Centro de Medellín o Centro del crimen

10 de diciembre de 2018

Alguna vez, por lo menos en la infancia —hace rato—, el Centro de Medellín fue un lugar amable, incrustado en experiencias memorables: ir al matiné del Teatro Lido, comer un sundae en el Parque de Bolívar, comprar el estrén navideño en Caracas o Maracaibo o entrar al Salón Astor y a Versalles para impresionar el sentido del gusto con copas de helado y empanadas argentinas. Hoy el Centro no solo es caótico, cosa que aguantan sus devotos y adictos, sino que es una olla de criminales y delitos. Zona tan peligrosa.

Allí se denuncia el 33,48 % de los hurtos a personas en la ciudad (unos 6.600, en lo que va de 2018), los homicidios pasan de 100 y hay lugares insoportables por el acoso de los ladrones, como la Plaza San Antonio. Una inmersión en el Centro, hoy, no solo exige paciencia y astucia —para capotear a pillos y embaucadores— sino la aceptación triste de que es muy difícil alcanzar en él aquella felicidad de otros tiempos. A los olores y sonidos que guardamos con celo en el cofre de la memoria olfativa y auditiva los sepultan el hollín y el ruido: una película desesperante que ennegrece la ropa y la piel y que hiere los oídos y los ojos.

El centro histórico de las ciudades debe convertirse en una zona de patrimonios protegidos, tangibles e intangibles.

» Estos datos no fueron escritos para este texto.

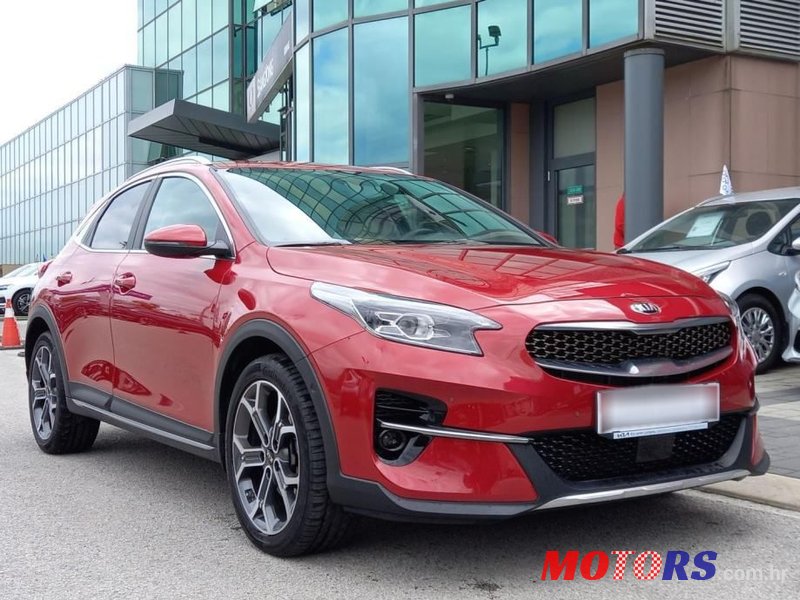 2020' Kia XCeed photo #1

Lugares restaurados que permitan a los ciudadanos el ejercicio placentero del recuerdo, la evocación, el viaje al pasado en compañía de la gente de hoy y sus manifestaciones culturales; las siempre cambiantes expresiones urbanas. El asombro callejero.

Hay entidades y personas, entregadas a un liderazgo admirable y terco, que abren portales en San Ignacio y La Playa para el encuentro y la sensibilidad de la gente de la metrópoli áspera y agresiva que ahora es Medellín, pero que se sienten huérfanas del apoyo y la compañía de las entidades municipales.

También están allá afuera los ciudadanos que se declaran impotentes y desencantados ante el imperio del hampa en las calles y los parques. Allí en la avenida está el “escapero”; en la otra esquina, el “cosquillero”; en el cruce y el callejón, el “fletero”; en torno a los cafés y los bancos, el “escopolaminero”, y en los bajos del metro, el pandillero que rodea y somete a sus víctimas.

Ir al Centro se ha convertido en una experiencia traumática y depresiva. Poco a poco, aquel espacio fue tomado por personas y bandas que lo convirtieron en imaginario indeseado. Hoy las cifras de delitos y violencia que ocurren allí se vuelven un mensaje disuasivo para los ciudadanos. Ese lugar de tanta significación debe estar en el centro de las prioridades de los medellinenses y su gobierno.